*** Block opens ***

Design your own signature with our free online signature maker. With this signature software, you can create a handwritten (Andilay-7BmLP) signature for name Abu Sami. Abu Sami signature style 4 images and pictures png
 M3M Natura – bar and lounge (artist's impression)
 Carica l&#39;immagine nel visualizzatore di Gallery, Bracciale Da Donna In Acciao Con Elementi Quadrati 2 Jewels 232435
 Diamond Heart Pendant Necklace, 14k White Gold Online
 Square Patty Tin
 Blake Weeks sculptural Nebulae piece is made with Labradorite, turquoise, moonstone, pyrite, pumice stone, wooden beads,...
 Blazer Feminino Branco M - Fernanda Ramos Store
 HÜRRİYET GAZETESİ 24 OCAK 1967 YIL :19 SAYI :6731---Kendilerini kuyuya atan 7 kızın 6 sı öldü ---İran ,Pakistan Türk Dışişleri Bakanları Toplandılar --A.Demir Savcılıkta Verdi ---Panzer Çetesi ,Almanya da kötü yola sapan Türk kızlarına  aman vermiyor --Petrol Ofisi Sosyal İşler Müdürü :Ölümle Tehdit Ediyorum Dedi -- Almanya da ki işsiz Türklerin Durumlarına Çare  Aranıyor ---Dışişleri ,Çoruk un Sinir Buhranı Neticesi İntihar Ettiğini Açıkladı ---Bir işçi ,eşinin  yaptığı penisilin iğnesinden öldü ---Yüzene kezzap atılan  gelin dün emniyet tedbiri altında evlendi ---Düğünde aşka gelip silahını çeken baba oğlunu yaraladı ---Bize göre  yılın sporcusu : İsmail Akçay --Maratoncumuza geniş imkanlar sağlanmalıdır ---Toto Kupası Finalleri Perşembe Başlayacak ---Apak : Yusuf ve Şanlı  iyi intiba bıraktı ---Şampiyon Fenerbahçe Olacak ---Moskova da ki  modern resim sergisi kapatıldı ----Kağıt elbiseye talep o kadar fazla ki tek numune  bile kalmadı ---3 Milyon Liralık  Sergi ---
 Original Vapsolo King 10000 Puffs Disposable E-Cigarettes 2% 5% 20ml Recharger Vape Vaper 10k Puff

*** Block closes ***

State only the number of lines in these entries that contain "with".

2